An acquaintance, Gavin Elster, asks Scottie to tail his wife, Madeleine, claiming she has been possessed; Scottie reluctantly agrees. The next day Scottie follows Madeleine to a florist for a bouquet of flowers; next she visits the grave of Carlotta Valdes; then she visits an art museum where she sits watching Portrait of Carlotta, a painting of a woman resembling her. Lastly, she enters the McKittrick Hotel, but when Scottie investigates, she is missing and the clerk insists she has not been there.
Midge takes Scottie to a local history expert who informs them Carlotta Valdes tragically ended her life with suicide. Another visit with Gavin reveals Carlotta is Madeleine's great-grandmother who Gavin fears is possessing Madeleine. Gavin also says Madeleine has no knowledge of Carlotta. Scottie tails Madeleine to Fort Point (just beneath the Golden Gate Bridge), where she suddenly leaps into San Francisco Bay. Scottie rescues Madeleine and takes her to his home. The meeting is tense and leads to a strange intimacy between them but Madeleine quickly slips out when Scottie receives a phone call.
The next day Scottie follows Madeleine to his own house, where she is hand-delivering a thank-you note to him for rescuing her, and they decide to spend the day together because Scottie fears Madeleine might attempt suicide again. The two travel to Muir Woods and then Cypress Point along 17-Mile Drive near Pebble Beach, where Madeleine, embarrassed from confessing that her dreams sound mad, runs to the ocean. Scottie chases after her and they embrace and kiss. Upon hearing the details of her nightmare, Scottie identifies the setting as Mission San Juan Bautista and takes Madeleine there, where they proclaim their love for each other. Madeleine suddenly runs into the church and up the bell tower. Scottie, halted on the steps by vertigo and paralyzing fear, watches as Madeleine plunges to her death.

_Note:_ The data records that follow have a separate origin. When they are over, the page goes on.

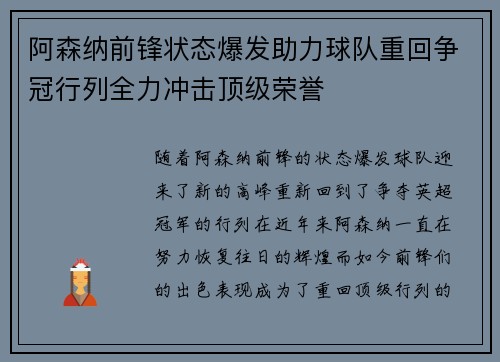 阿森纳前锋状态爆发助力球队重回争冠行列全力冲击顶级荣誉
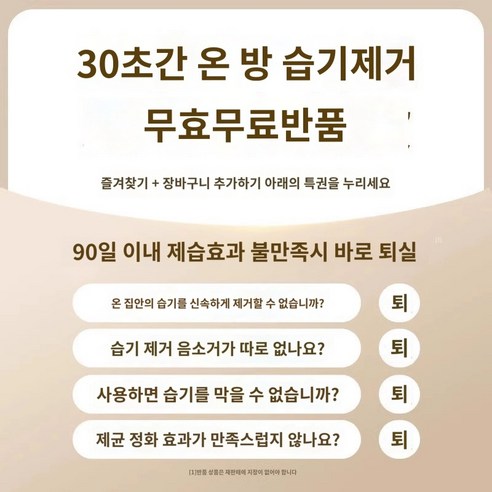 제습기 가정용 자동 실내 흡습 공기 건조 Hui Nantian 15259C1321757, 3. 궁극 버전 집 전체 제습 및 정화 통합 ✔이중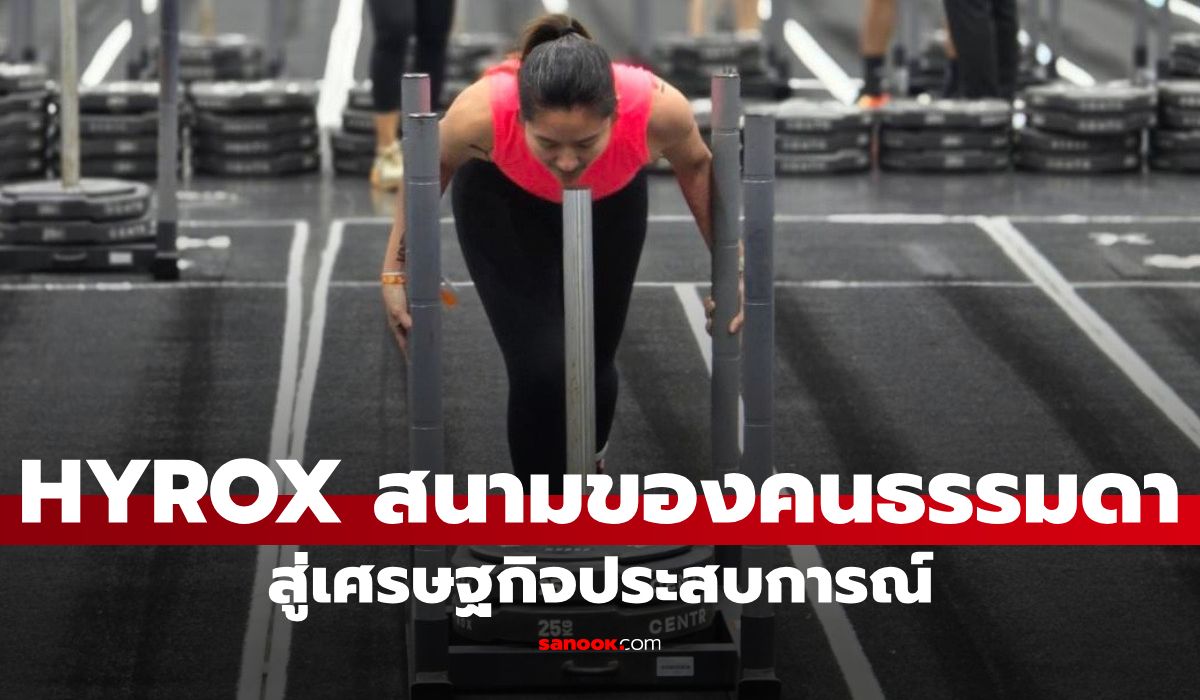hyrox:-จากสนามของคนธรรมดาสู่เศรษฐกิจประสบการณ์-โอกาสใหม่ของกีฬาและธุรกิจการเงิน
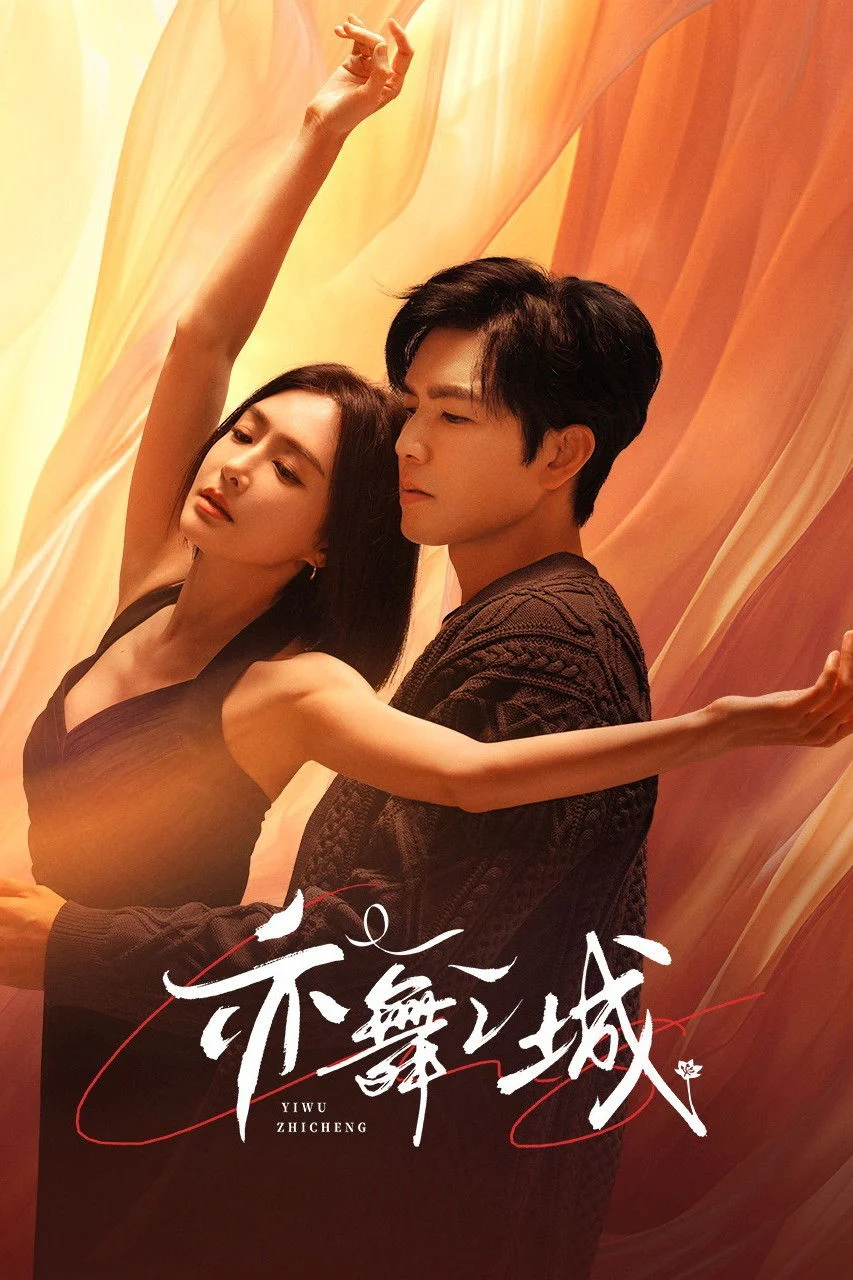 Phim Thành Phố Nhảy Múa (Diệc Vũ Chi Thành)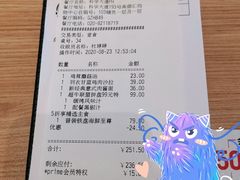 -必胜客(云汇天地店)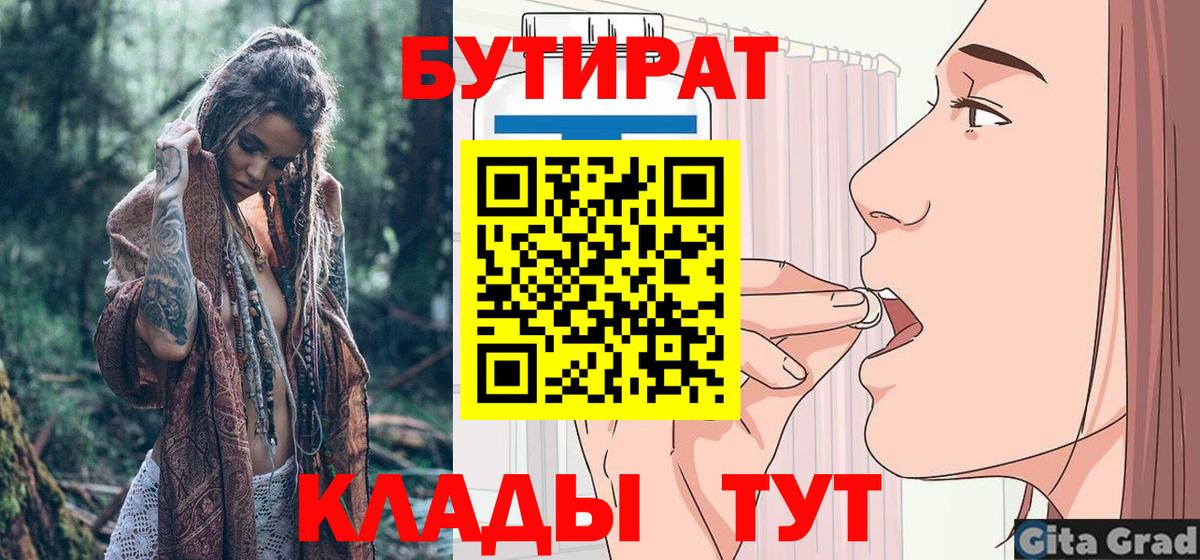 Ишимбай  Бутират GHB  Вход с VPN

An inquest declares Madeleine's death a suicide, but Scottie feels ashamed that his weakness rendered him incapable of preventing someone's death. Gavin does not fault Scottie, but in the following weeks Scottie becomes depressed. While treated in a sanatorium, he becomes mute, haunted by vivid nightmares. Although Midge visits, his condition remains the same. After release, Scottie haunts the places that Madeleine visited, often imagining that he sees her. One day, he spots a woman who reminds him of Madeleine, despite the woman's less elegant dress and heavier makeup. Scottie follows the woman to her hotel room where she identifies herself as Judy Barton from Kansas. Though initially suspicious and defensive, Judy eventually agrees to join Scottie for dinner.
After Scottie leaves, Judy has a flashback revealing that she was, in fact, the woman known as "Madeleine," but she is not Gavin's wife. Judy prepares to leave and writes a confession letter to Scottie explaining that she was an accomplice to the real Madeleine Elster's murder by Gavin, and how Gavin had taken advantage of Scottie's acrophobia. She rips up the letter and decides to continue the charade because of her love for Scottie.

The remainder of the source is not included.